The biases were taken on different dates around the time of the science observations. For convenience, we will use a file with the list of datasets as input instead of listing all the input datasets individually. We will use the tool, typewalk, to painlessly create the list.

cd <your_path>/gemini_python_datapkg-X1/playground

typewalk --tags GMOS BIAS --dir ../data_for_reduce_demo -o bias.list

reduce @bias.list

This creates the processed bias, N20120202S0955_bias.fits. The output suffix _bias is the indicator that this is a processed bias. All processed calibrations are cached in ./calibrations/.

If you wish to see what the processed bias looks like:

reduce N20120202S0955_bias.fits -r display

Note

This will issue an error about the file already existing. Ignore it. The explanation of what is going on is beyond the scope of this demo. We will fix this, eventually. Remember that this is a release of software meant for internal use; there are still plenty of issues to be resolved.*

The Processed Flat

Next we create a processed flat. We will use the processed bias we have just created. The system will recognize the inputs as GMOS twilight flats and call the appropriate recipe automatically.

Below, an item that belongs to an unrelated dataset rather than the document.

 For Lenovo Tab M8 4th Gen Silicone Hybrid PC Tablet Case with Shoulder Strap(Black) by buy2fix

The “public” RecipeSystem does not yet have a Local Calibration Server. Therefore, we will need to specify the processed bias we want to use on the reduce command line. For information only, internally the QA pipeline at the summit uses a central calibration server and the most appropriate processed calibrations available are selected and retrieved automatically. We hope to be able to offer a “local”, end-user version of this system in the future. For now, calibrations must be specified on the command line.

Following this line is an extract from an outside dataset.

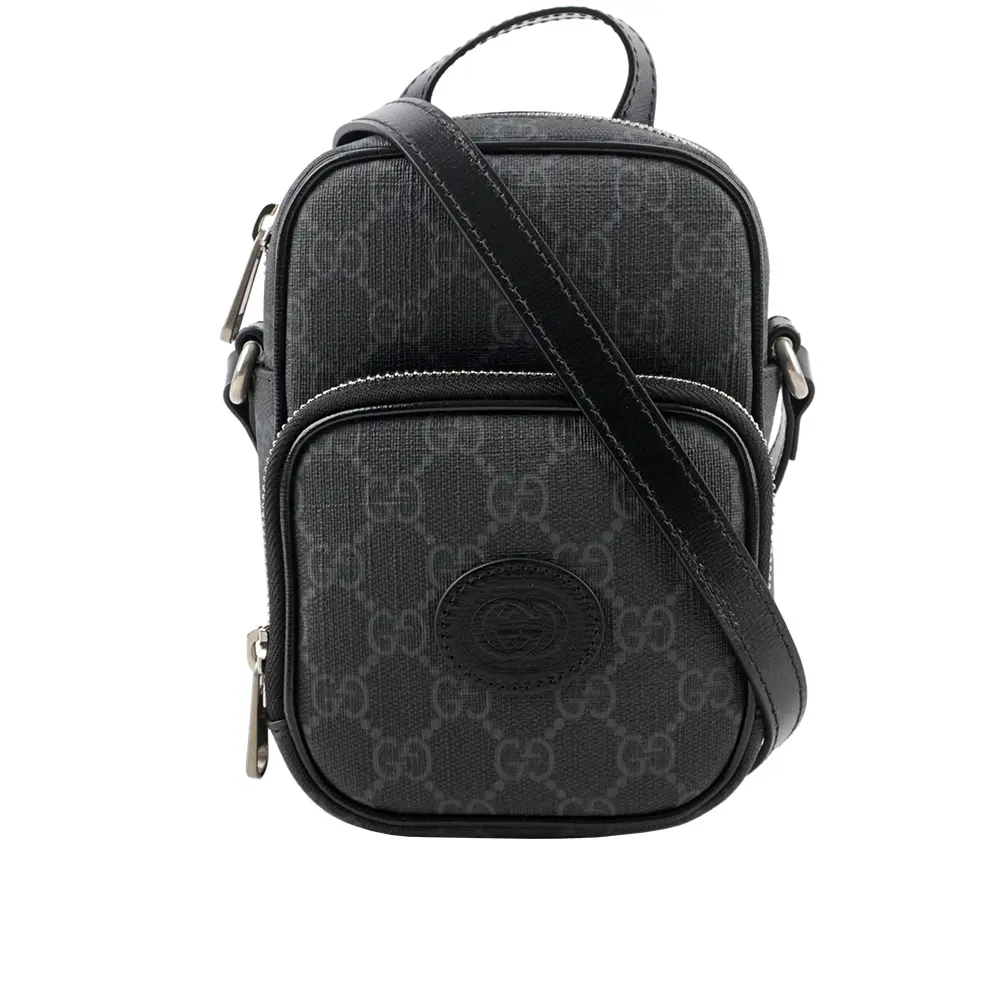 【GUCCI】Interlocking G 標誌迷你拉鍊二用包(黑灰色)/ 平行輸入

For the flats, we do not really need a list, we can use wild cards:

reduce ../data_for_reduce_demo/N20120123*.fits \
   --user_cal N20120202S0955_bias.fits -p clobber=True;

This creates the processed flat, N20120123S0123_flat.fits. The output suffix _flat is the indictor that this is a processed flat. The processed flat is also cached in ./calibrations/.

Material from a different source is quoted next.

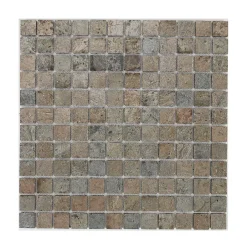Mosaïque en pierre naturelle 100 x 50 cm - carreau 2,5 x 2,5 cm cuivre-U-tile Best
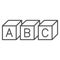 ABC cubes alphabet thin line icon, linguistics concept, toy cubes with letters vector sign on white background, outline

The clobber parameter is set to True to allow the system to overwrite the final output. By default, the system refuses to overwrite an output file.

If you wish to see what the processed flat looks like:

reduce N20120123S0123_flat.fits -r display

The Science Frames

We now have all the pieces required to reduce the science frames. This time, instead of using the standard QA recipe, we will use the Demo recipe. Again, we will specify the processed calibrations, bias and flat, we wish to use.

reduce ../data_for_reduce_demo/N20120203S028?.fits \
   --user_cal N20120202S0955_bias.fits N20120123S0123_flat.fits \
   -r reduceDemo -p clobber=True

The demo data was obtained with the z’ filter, therefore the images contain fringing. The makeFringe and fringeCorrect primitives are filter-aware, they will do something only when the data is from a filter that produces fringing, like the z’ filter. The processed fringe that is created is stored with the other processed calibrations in ./calibrations/ and it is named N20120203S0281_fringe.fits. The _fringe suffix indicates a processed fringe.

The last primitive in the recipe is measureIQ which is one of the QA metrics primitives used at night by the QA pipeline. The primitive selects stars in the field and measures the average seeing and ellipticity. The image it runs on is displayed and the selected stars are circled for visual inspections.

The fully processed stacked science image is N20120203S0281_iqMeasured.fits. By default, the suffix of the final image is set by the last primitive run on the data, in this case measureIQ.

This default naming can be confusing. If you wish to set the suffix of the final image yourself, use --suffix _myfinalsuffix.

Clean up

It is good practice to reset the RecipeSystem state when you are done:

superclean --safe

Your files will stay there, only some hidden RecipeSystem directories and files will be deleted.